Few among many things that we all know: It is safer to drive with a seat belt than without, smoking kills and heavy drinking can lead to all sorts of bad things. The list goes on, but humans around the world continue to drive belt-less, smoke multiple packs of cigarettes a day and party hard.
Pertaining to the issue of obesity is an article in the April issue of the American Journal of Public Health. In the article, researchers from the psychology department at Yale discussed a study in which they observed consumers’ behaviors at New York City-area fast-food eateries, such as McDonald’s and Burger King. Though all restaurants provided nutrition information in some form — calories were listed on posters, in pamphlets or on touch-screen computers — only six out of 4,311 people looked at it.

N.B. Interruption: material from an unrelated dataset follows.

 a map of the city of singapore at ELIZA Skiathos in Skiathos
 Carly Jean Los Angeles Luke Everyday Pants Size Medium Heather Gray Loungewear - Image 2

While the authors of the study concluded that making such information more prominent would influence consumers, the study suggests something else to me. Americans choosing to regularly eat at fast-food restaurants in the United States do not care about calories, fat or anything else that is in what they are about to eat.
These people care about price, taste and convenience.
So while the MEAL Act is a nice thought, and calls attention to what is essentially a national pandemic, I am holding my breath on how much it can change. We should tackle this problem of a fat nation with policy changes such as heavily increased fruit and vegetable subsidies, heavily decreased corn subsidies or healthier cafeteria foods. Maybe then I will believe that a fit nation can exist.
– Steve Adams is graduate student in journalism and mass communication from Annapolis, Maryland.